Par Alexandre Fontaine Rousseau

De par le simple fait que la vie parsemée d'embuches de Ray Charles soit en soi si passionnante, le drame biographique de Taylor Hackford sur le célèbre musicien américain partait avec une longueur d'avance sur bien des films du même genre. Cela dit, le genre en question, le drame biographique, est un genre en perdition sur lequel de moins en moins de producteurs osent investir et, qui plus est, attirer un public de plus en plus restreint, chose que Michael Mann avait appris à ses dépends avec son Ali. Voilà qui pourrait peut-être expliquer pourquoi le projet Ray a mis presque quinze ans avant de finalement venir au monde. Presque parfaitement synchronisée avec la mort du chanteur à la fin de l'été 2004, la sortie du film permet enfin de voir si Hackford, réalisateur moyen à la filmographie peu distinguée, a réussi a saisir l'ampleur de ce personnage majeur qui aura marqué l'histoire du jazz et de la musique populaire en plus de jouer un rôle important dans la lutte contre la ségrégation raciale aux États-Unis.
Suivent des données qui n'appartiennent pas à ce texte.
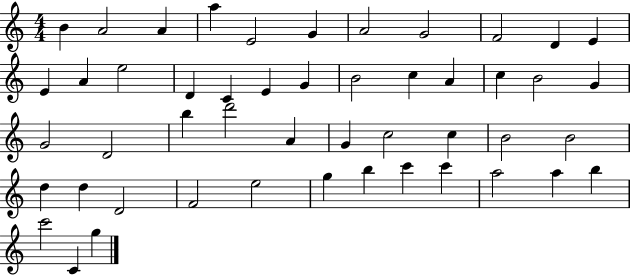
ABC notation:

X:1
T:Untitled
M:4/4
L:1/4
K:C
B A2 A a E2 G A2 G2 F2 D E E A e2 D C E G B2 c A c B2 G G2 D2 b d'2 A G c2 c B2 B2 d d D2 F2 e2 g b c' c' a2 a b c'2 C g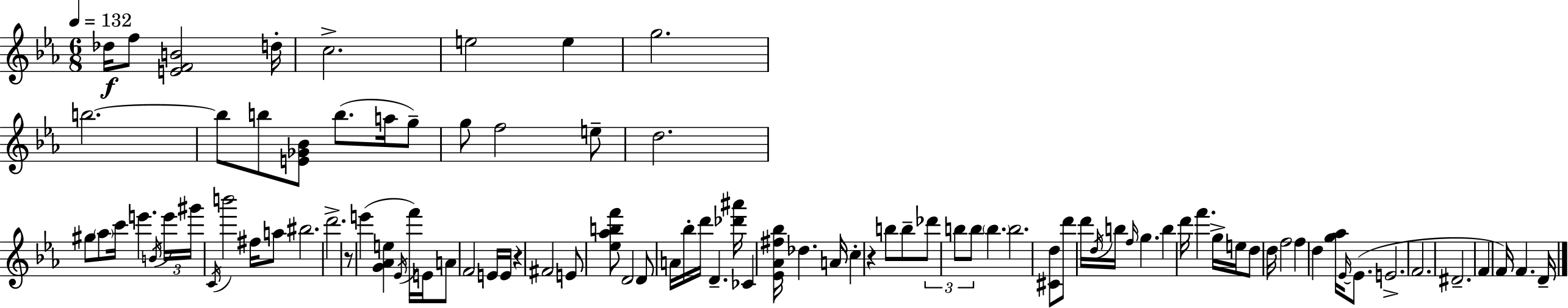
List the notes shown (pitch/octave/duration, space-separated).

Db5/s F5/e [E4,F4,B4]/h D5/s C5/h. E5/h E5/q G5/h. B5/h. B5/e B5/e [E4,Gb4,Bb4]/e B5/e. A5/s G5/e G5/e F5/h E5/e D5/h. G#5/e Ab5/e C6/s E6/q. B4/s E6/s G#6/s C4/s B6/h F#5/s A5/e BIS5/h. D6/h. R/e E6/q [G4,Ab4,E5]/q Eb4/s F6/s E4/s A4/e F4/h E4/s E4/s R/q F#4/h E4/e [Eb5,Ab5,B5,F6]/e D4/h D4/e A4/s Bb5/s D6/s D4/q. [Db6,A#6]/s CES4/q [Eb4,Ab4,F#5,Bb5]/s Db5/q. A4/s C5/q R/q B5/e B5/e Db6/e B5/e B5/e B5/q. B5/h. [C#4,D5]/e D6/e D6/s D5/s B5/s F5/s G5/q. B5/q D6/s F6/q. G5/s E5/s D5/e D5/s F5/h F5/q D5/q [G5,Ab5]/s Eb4/s Eb4/e. E4/h. F4/h. D#4/h. F4/q F4/s F4/q. D4/s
Finalement, Hackford offre avec Ray un film fort compétent qui illustre très bien l'importance de Charles dans l'histoire de la musique, en plus de présenter de façon prenante le drame humain fascinant de son personnage, sans pour autant être une réussite éclatante. Soutenu par le jeu remarquable d'un Jamie Foxx étonnant qui incarne véritablement le musicien jusque dans ses moindres tics, Ray est une production soignée mais un tantinet mécanique qui a le mérite de laisser la musique de ce pionnier du soul parler par elle-même et dicter le rythme du film. Cette approche très musicale de la vie du personnage donne des résultats intéressants car elle crée d'excellents liens entre l'homme et ses chansons. À ce titre, la naissance tumultueuse d'Hit the Road, Jack demeure l'un des bons coups de la mise en scène d'Hackford.
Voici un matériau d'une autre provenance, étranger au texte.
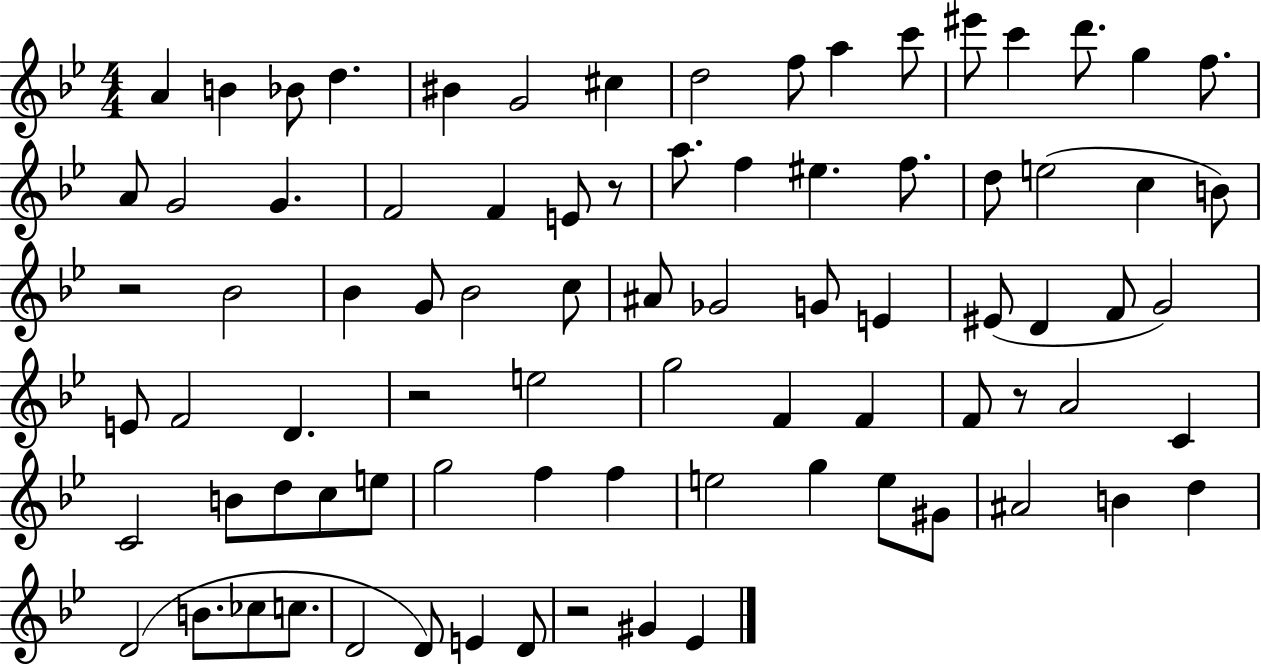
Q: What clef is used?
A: treble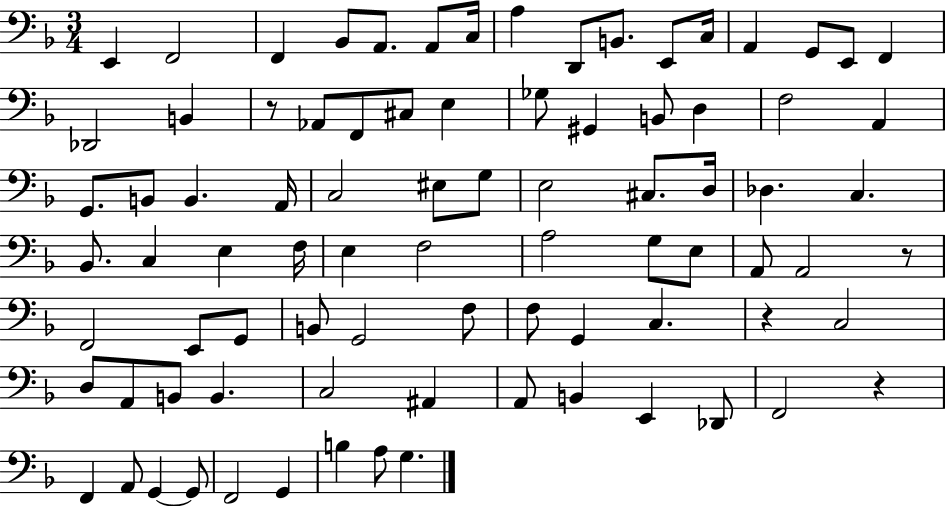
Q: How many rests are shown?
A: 4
Ainsi, le film part du petit village pauvre où nait Charles en 1932 et nous mène jusqu'à Seattle, où le chanteur devenu aveugle obtient ses premiers contrats sérieux dans de petits clubs. De cette ville de la côte ouest américaine, la carrière de Ray Charles démarre véritablement. Après avoir quitté une gérante manipulatrice, il se lance en tournée où il entre pour la première fois en contact avec l'héroïne, et enregistre ses premiers 45 tours. Le succès finit par frapper à sa porte et Charles développe peu à peu son propre style, un mélange entre le rythm and blues et le gospel qui fascine tant les puristes du jazz frustrés par la révolution bop que les amateurs de musique populaire. Parmi les évènements de la carrière de Ray Charles que le film arrive le mieux à traduire se trouve sans doute le passage d'une étiquette indépendante aux ligues majeures de l'industrie, avec tout ce qu'implique un tel changement. Ray n'hésite pas non plus à illustrer les effets négatifs du statut de vedette sur l'ego d'un individu.
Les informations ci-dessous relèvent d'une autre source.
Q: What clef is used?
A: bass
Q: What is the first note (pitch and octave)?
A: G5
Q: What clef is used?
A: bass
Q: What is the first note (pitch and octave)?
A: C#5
Malgré tout, c'est dans l'ambiance chaleureuse des petits studios d'Atlantic que le film d'Hackford lève vraiment, dans cet univers merveilleusement recréé où furent enregistrés certaines des meilleures chansons de l'artiste. Au coeur d'une distribution inégale, Jamie Foxx offre une performance mémorable mais aussi calibrée pour les Oscars et son jury prévisible. Difficile de différencier l'acteur de l'artiste dans la peau duquel il se glisse tant son jeu est une reconstitution aussi minutieuse qu'énergique des moindres mimiques si caractéristiques de celui-ci. Le film s'applique à présenter avec justesse tant les moments glorieux de la carrière de Ray Charles que ses démons et sa part d'ombre. C'est peut-être par la qualité globale du portrait qu'il dresse de son sujet que Ray réussit à faire oublier ses faiblesses. Par exemple, ses dialogues qui manquent parfois légèrement de naturel.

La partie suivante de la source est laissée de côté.